- **Dataset excerpt**
• • •

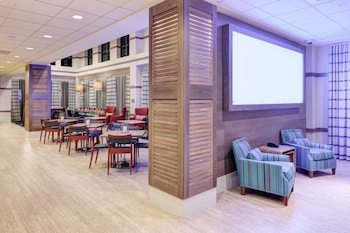 Hampton Inn & Suites Carolina Beach Oceanfront,Carolina Beach>>Bolivia,4 star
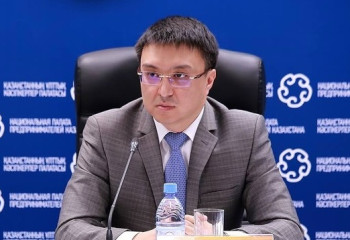 Нуржан Альтаев подал документы в ЦИК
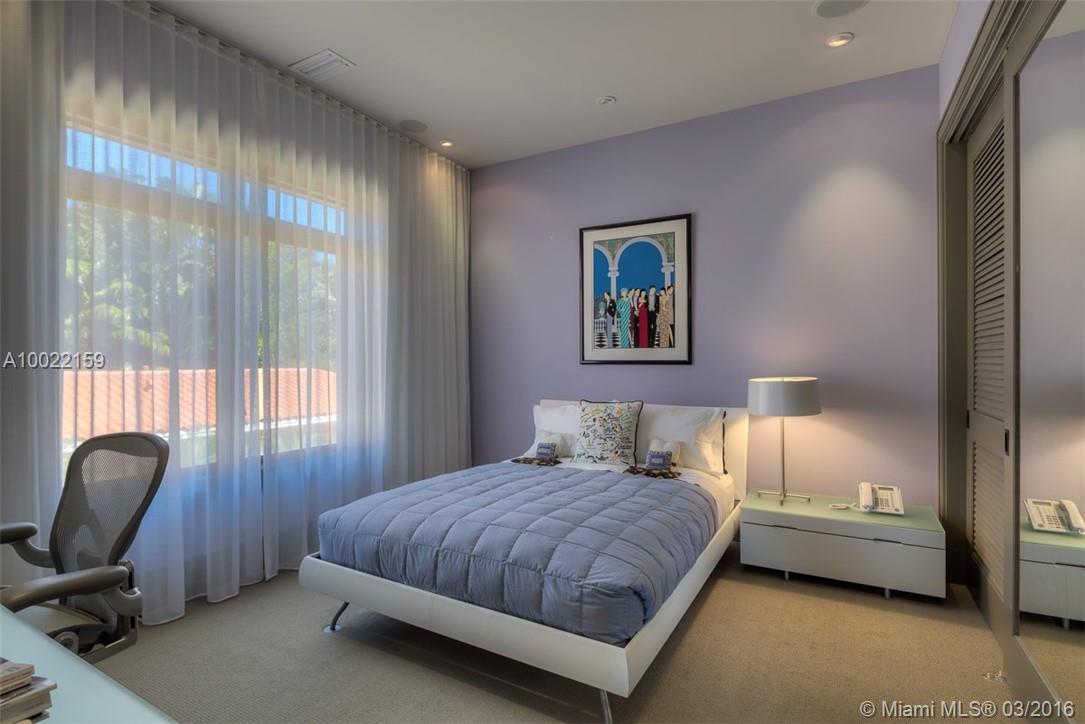 San Marino Island - Residential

• • •

- **Aim of the exercise**
Pictures stay out; all other material above is restated word for word.

- **Answer section**
 Hampton Inn & Suites Carolina Beach Oceanfront,Carolina Beach>>Bolivia,4 star
 Нуржан Альтаев подал документы в ЦИК
 San Marino Island - Residential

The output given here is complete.